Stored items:
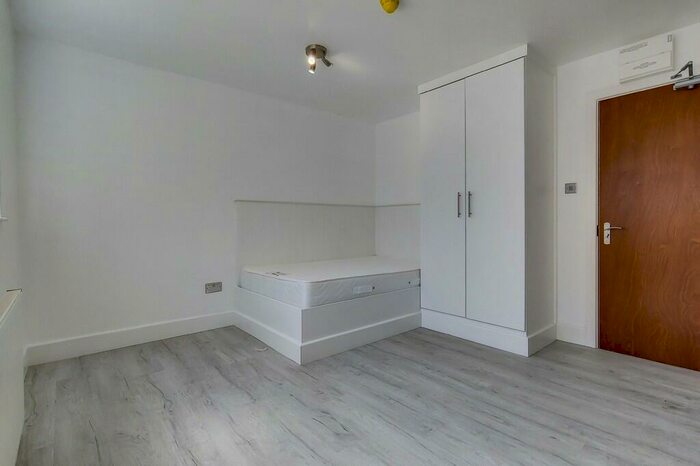 Studio To Rent In Sunnyside Terrace, London, NW9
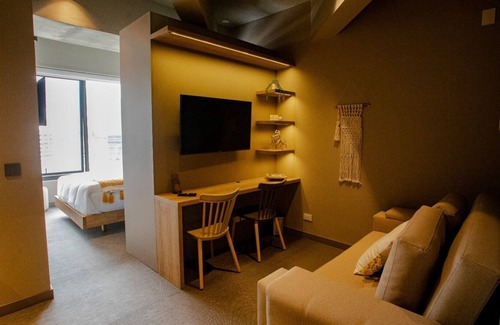 Calle 100 Apartment | Studio with a Beautiful Mountain View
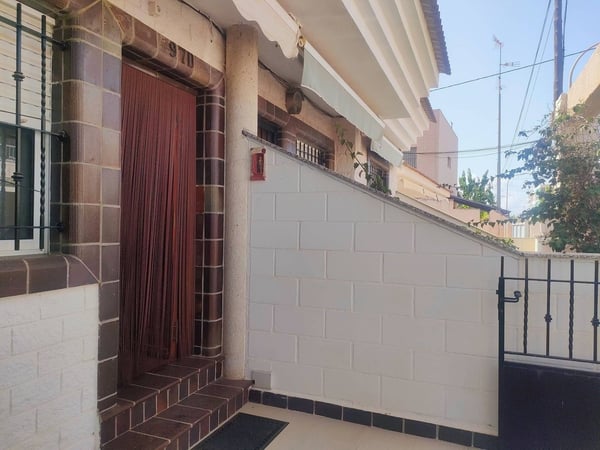 House in Torre de la Horadada - view 1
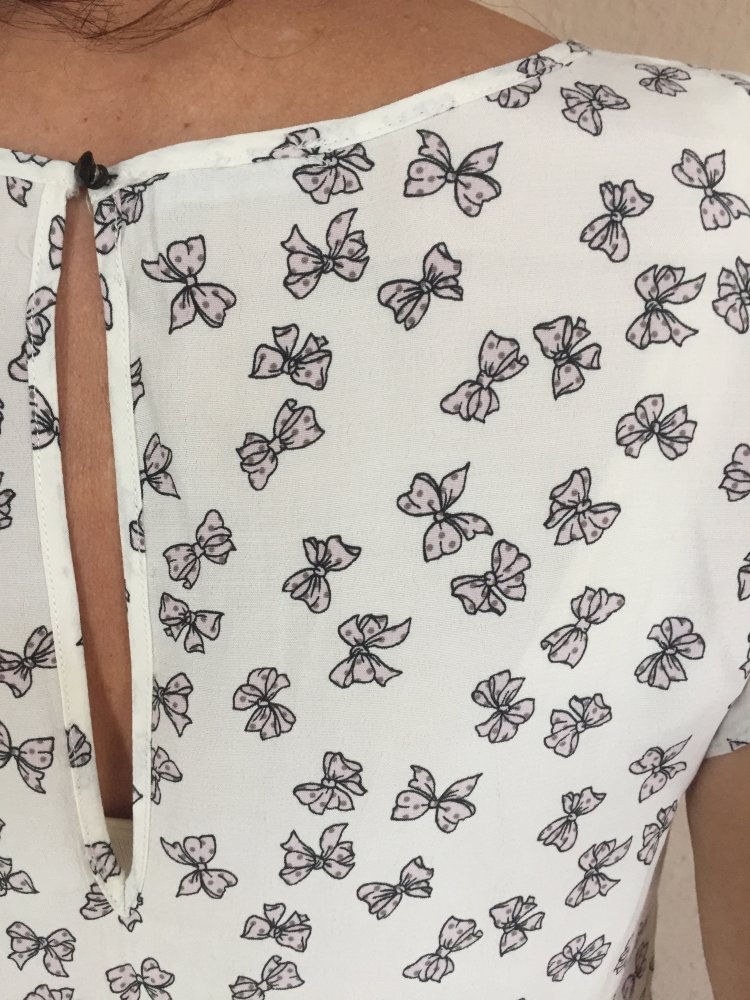 Motivi Volants Bluse Gr.34 mit Rücken Cut Out weiß Schleifen Print
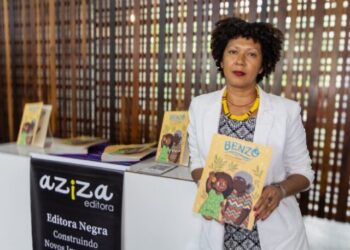 Letícia Andra lança livro ‘Benzô’ durante programação cultural no Museu Afro Brasil em São Paulo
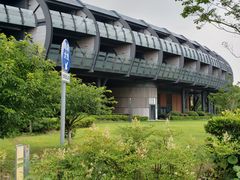 -上海滴水湖皇冠假日酒店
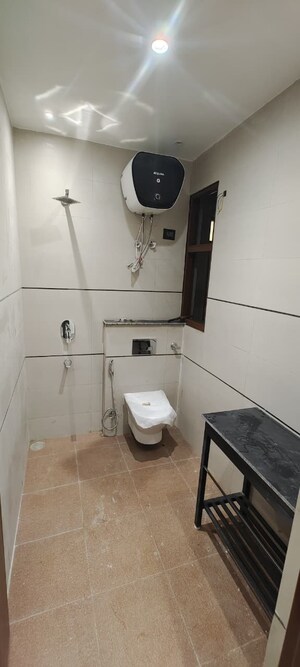 Bathroom in 1 BHK Builder Floor at Saket – for Rent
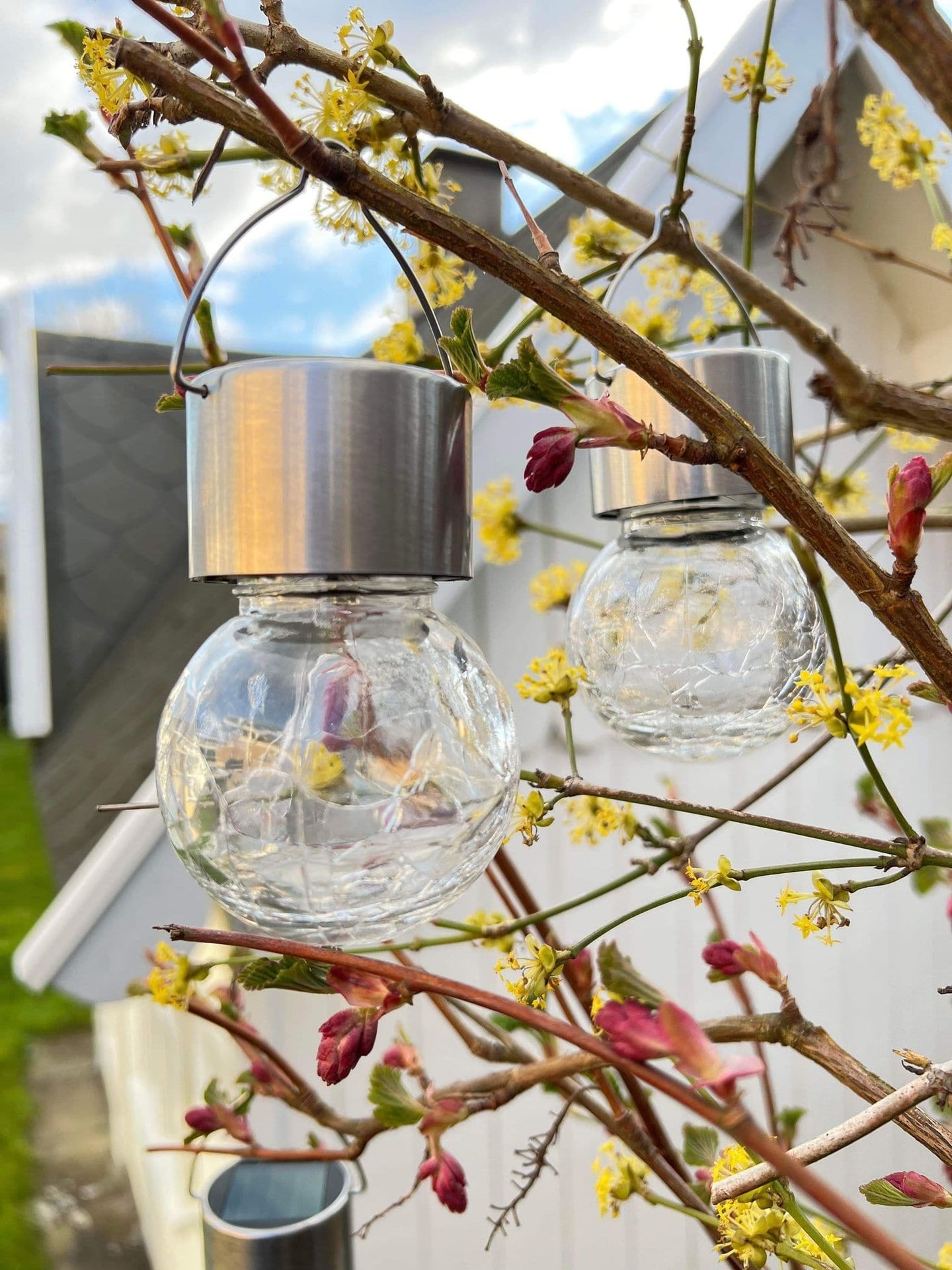 Solcelle LED pære med ophæng - VIAMAJA.DK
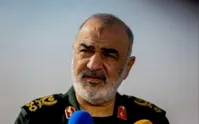 سردار سلامی: دشمن پوکی استخوان گرفته/ شکوهی از آرامش بر ملت ایران هویداست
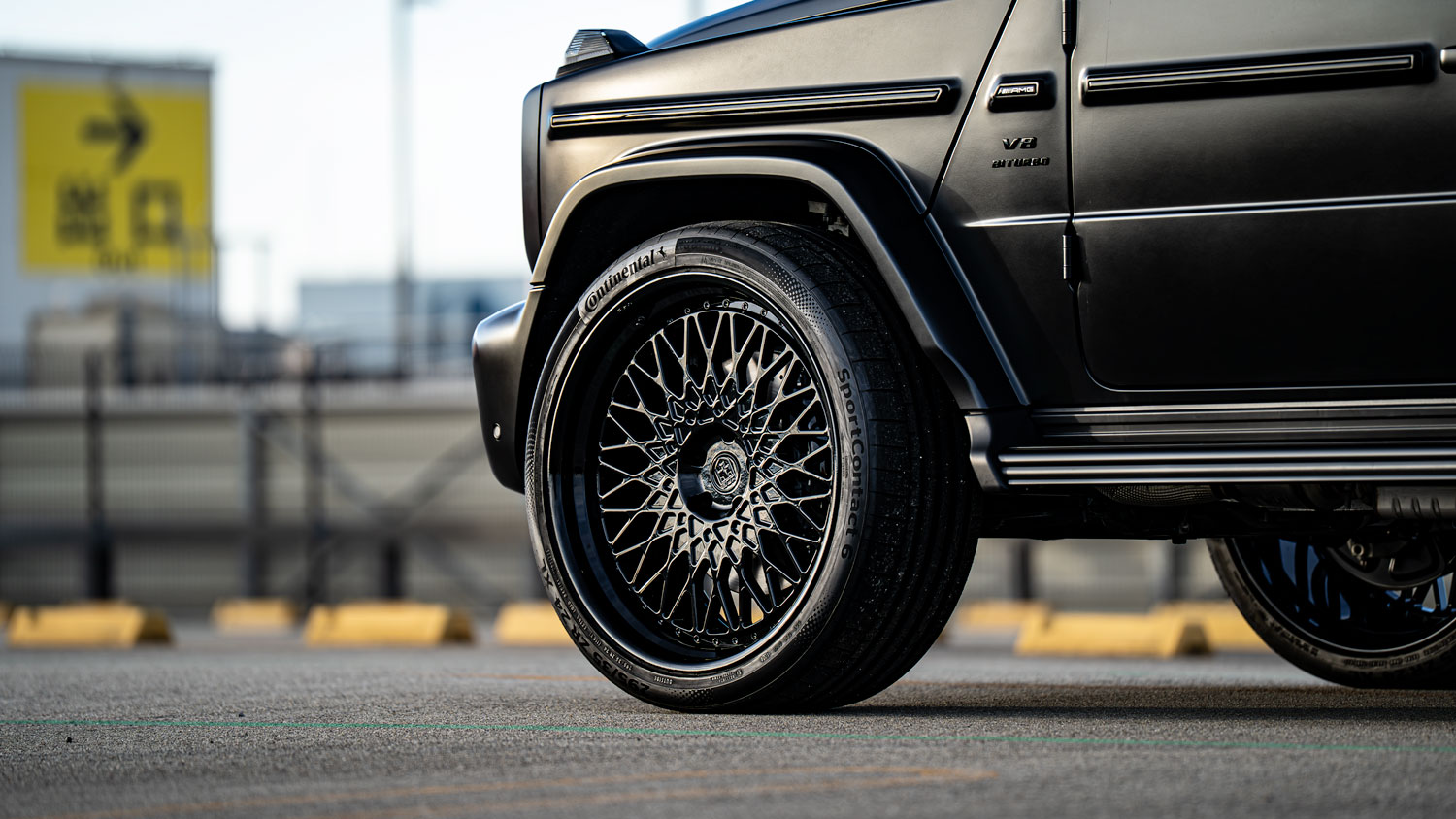 メルセデスベンツ AMG Gクラス W465 G63 ローダウン ブラックアウト プロテクションフィルム ホイール HRE アメ鍛 24インチ カーボンステアリング カスタム 名古屋
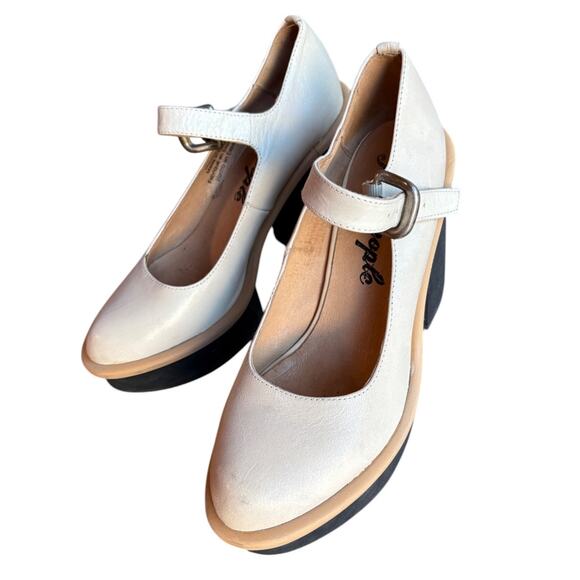 Free People Maggie Platform Mary Janes w Flaw - Missing Hardware - size 38/7.5 - Picture 8 of 15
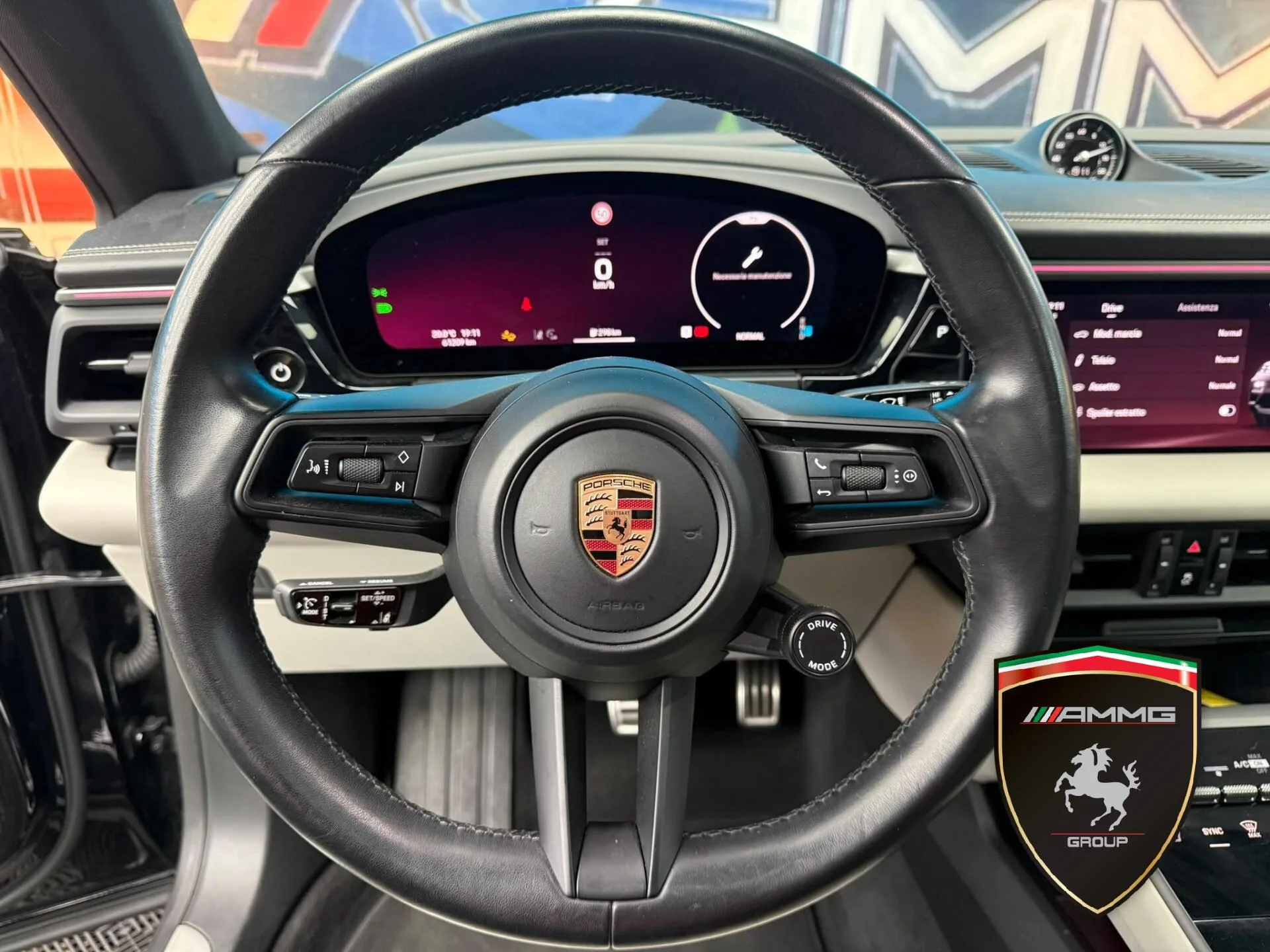 2024 Porsche Macan 4S Electric, 12/15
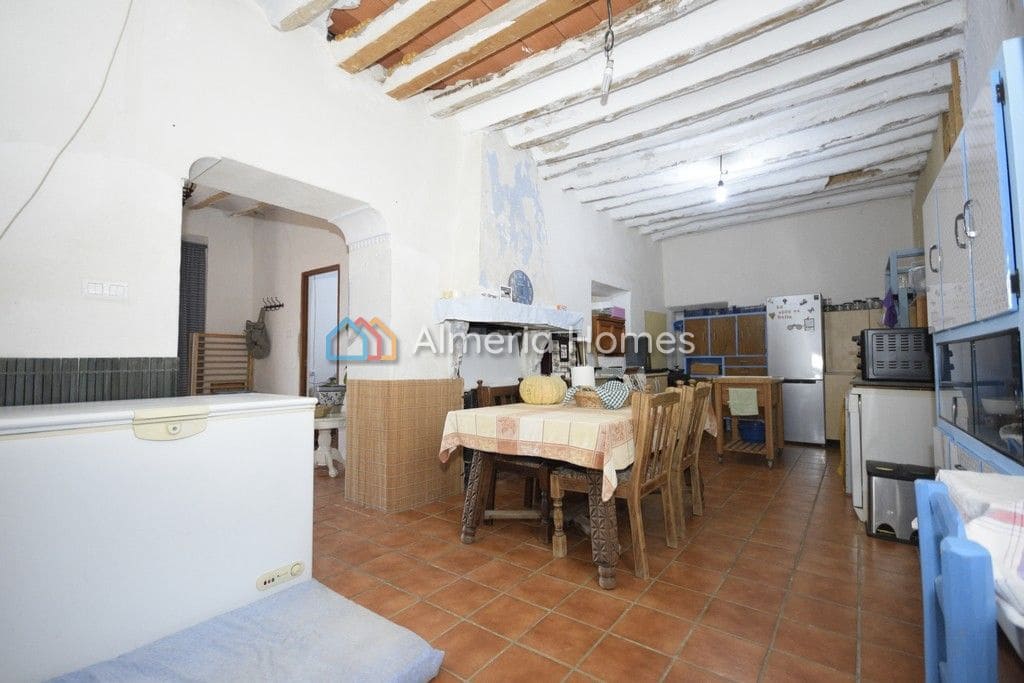 5 soveværelse Finca/Landehus til salg i Albox - € 89.975 (Ref: 8358605)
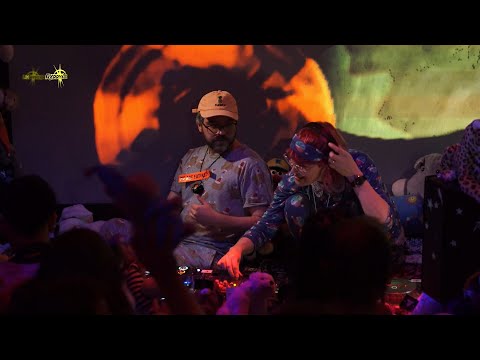 Bebetta & Le Palf in bed live at Harry Klein 20.11.2021 Visuals by Vital Electronica Part 2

■ PROBLEM TO SOLVE: Copy all records exactly, no images.

■ WRITTEN RESPONSE:
 Studio To Rent In Sunnyside Terrace, London, NW9
 Calle 100 Apartment | Studio with a Beautiful Mountain View
 House in Torre de la Horadada - view 1
 Motivi Volants Bluse Gr.34 mit Rücken Cut Out weiß Schleifen Print
 Letícia Andra lança livro ‘Benzô’ durante programação cultural no Museu Afro Brasil em São Paulo
 -上海滴水湖皇冠假日酒店
 Bathroom in 1 BHK Builder Floor at Saket – for Rent
 Solcelle LED pære med ophæng - VIAMAJA.DK
 سردار سلامی: دشمن پوکی استخوان گرفته/ شکوهی از آرامش بر ملت ایران هویداست
 メルセデスベンツ AMG Gクラス W465 G63 ローダウン ブラックアウト プロテクションフィルム ホイール HRE アメ鍛 24インチ カーボンステアリング カスタム 名古屋
 Free People Maggie Platform Mary Janes w Flaw - Missing Hardware - size 38/7.5 - Picture 8 of 15
 2024 Porsche Macan 4S Electric, 12/15
 5 soveværelse Finca/Landehus til salg i Albox - € 89.975 (Ref: 8358605)
 Bebetta & Le Palf in bed live at Harry Klein 20.11.2021 Visuals by Vital Electronica Part 2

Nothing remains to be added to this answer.